- **TASK ITEM**: From the listing below, retype exactly the line holding "19th Century French", the line holding "Holy Blade |", and the lines between them; skip everything else.

··· DATA

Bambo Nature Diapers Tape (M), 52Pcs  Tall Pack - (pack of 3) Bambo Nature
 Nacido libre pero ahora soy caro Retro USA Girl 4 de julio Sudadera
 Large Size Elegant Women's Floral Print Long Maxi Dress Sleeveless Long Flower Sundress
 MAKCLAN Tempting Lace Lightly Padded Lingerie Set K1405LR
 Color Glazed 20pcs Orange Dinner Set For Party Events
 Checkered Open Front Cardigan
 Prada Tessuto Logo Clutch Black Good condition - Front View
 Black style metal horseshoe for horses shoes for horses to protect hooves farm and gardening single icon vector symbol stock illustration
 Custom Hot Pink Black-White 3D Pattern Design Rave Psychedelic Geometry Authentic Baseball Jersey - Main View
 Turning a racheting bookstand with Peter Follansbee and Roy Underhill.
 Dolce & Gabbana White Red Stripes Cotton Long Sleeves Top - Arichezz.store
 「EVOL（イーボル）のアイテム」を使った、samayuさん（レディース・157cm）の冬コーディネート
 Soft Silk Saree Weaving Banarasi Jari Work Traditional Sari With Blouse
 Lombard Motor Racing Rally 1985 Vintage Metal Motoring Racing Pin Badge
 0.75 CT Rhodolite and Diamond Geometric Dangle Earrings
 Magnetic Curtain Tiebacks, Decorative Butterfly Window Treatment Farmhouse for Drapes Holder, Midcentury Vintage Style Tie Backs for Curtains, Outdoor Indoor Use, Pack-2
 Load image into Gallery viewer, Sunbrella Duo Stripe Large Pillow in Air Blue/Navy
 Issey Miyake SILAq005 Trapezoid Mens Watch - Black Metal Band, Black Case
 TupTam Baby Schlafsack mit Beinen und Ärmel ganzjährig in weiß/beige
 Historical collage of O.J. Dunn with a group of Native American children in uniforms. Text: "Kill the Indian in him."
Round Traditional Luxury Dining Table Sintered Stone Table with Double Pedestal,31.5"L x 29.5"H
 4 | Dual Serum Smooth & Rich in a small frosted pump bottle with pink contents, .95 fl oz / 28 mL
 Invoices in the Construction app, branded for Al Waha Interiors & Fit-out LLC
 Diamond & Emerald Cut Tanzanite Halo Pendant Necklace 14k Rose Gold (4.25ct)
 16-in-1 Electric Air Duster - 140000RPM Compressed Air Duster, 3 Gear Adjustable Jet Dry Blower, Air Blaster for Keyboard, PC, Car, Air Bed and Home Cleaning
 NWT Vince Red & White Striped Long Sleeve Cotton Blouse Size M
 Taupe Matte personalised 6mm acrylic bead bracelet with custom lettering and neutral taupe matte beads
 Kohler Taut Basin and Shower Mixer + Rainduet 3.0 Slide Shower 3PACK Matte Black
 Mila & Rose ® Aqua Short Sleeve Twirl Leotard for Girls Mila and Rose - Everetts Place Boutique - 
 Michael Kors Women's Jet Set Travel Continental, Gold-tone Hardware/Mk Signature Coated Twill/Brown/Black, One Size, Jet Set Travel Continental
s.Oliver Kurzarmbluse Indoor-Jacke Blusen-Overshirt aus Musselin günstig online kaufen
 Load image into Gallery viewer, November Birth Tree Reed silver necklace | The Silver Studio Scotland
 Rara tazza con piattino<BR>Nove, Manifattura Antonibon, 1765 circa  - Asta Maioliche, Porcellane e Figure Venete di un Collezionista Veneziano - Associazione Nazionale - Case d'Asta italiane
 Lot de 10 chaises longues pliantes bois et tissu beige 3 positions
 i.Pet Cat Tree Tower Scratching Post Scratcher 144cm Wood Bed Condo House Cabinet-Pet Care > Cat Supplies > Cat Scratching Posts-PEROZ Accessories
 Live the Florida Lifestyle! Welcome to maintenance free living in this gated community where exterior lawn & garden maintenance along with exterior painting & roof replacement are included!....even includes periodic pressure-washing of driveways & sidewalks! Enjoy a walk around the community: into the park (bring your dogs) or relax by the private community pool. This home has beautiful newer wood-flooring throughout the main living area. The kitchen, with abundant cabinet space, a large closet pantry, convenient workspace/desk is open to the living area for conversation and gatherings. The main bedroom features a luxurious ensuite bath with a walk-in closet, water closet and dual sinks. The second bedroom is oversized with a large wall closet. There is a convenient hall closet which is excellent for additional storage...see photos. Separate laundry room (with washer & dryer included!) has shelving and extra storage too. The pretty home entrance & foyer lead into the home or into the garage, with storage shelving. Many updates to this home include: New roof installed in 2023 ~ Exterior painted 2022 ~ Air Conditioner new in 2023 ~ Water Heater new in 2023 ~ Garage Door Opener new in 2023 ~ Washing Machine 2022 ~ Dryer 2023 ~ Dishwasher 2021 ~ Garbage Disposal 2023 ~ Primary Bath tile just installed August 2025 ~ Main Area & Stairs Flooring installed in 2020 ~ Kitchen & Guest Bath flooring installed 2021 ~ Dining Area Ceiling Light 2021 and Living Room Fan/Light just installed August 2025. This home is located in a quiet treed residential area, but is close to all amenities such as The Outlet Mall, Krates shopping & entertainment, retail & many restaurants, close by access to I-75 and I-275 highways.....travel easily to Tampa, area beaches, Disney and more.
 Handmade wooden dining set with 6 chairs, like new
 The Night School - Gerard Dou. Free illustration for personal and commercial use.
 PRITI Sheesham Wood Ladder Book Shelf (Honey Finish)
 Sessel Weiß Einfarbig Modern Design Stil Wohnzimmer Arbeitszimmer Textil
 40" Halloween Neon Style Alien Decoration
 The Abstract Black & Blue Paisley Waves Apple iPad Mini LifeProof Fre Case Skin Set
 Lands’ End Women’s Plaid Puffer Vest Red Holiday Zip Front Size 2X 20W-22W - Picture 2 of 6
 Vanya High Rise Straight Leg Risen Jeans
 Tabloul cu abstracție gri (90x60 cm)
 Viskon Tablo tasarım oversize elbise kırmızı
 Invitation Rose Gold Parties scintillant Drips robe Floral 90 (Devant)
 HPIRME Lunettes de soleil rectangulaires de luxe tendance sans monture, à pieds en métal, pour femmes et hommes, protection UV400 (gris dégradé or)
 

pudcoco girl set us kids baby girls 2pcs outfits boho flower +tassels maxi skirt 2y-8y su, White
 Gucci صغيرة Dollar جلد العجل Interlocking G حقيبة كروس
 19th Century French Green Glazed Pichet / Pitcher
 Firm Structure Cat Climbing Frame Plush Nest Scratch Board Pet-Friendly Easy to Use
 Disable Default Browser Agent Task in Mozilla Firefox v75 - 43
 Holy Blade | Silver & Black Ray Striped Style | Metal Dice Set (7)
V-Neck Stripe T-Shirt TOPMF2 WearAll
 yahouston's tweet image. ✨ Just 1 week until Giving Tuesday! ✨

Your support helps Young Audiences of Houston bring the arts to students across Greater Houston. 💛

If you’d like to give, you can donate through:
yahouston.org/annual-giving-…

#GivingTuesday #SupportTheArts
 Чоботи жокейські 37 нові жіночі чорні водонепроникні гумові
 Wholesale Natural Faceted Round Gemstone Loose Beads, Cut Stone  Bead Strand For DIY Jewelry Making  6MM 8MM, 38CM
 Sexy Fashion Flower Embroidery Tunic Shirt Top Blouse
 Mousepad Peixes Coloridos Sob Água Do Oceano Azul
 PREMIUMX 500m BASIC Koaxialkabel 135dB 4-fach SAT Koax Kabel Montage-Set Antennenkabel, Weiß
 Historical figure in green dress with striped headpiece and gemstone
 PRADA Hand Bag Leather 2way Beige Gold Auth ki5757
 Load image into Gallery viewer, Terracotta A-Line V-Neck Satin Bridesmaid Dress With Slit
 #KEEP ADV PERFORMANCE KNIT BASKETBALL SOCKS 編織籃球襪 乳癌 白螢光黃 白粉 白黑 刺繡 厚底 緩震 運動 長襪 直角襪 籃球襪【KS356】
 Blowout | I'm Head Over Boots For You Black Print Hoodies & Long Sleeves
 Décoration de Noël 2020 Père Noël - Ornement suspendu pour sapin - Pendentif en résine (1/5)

······

- **RESPONSE FOR THIS EXERCISE**:
 19th Century French Green Glazed Pichet / Pitcher
 Firm Structure Cat Climbing Frame Plush Nest Scratch Board Pet-Friendly Easy to Use
 Disable Default Browser Agent Task in Mozilla Firefox v75 - 43
 Holy Blade | Silver & Black Ray Striped Style | Metal Dice Set (7)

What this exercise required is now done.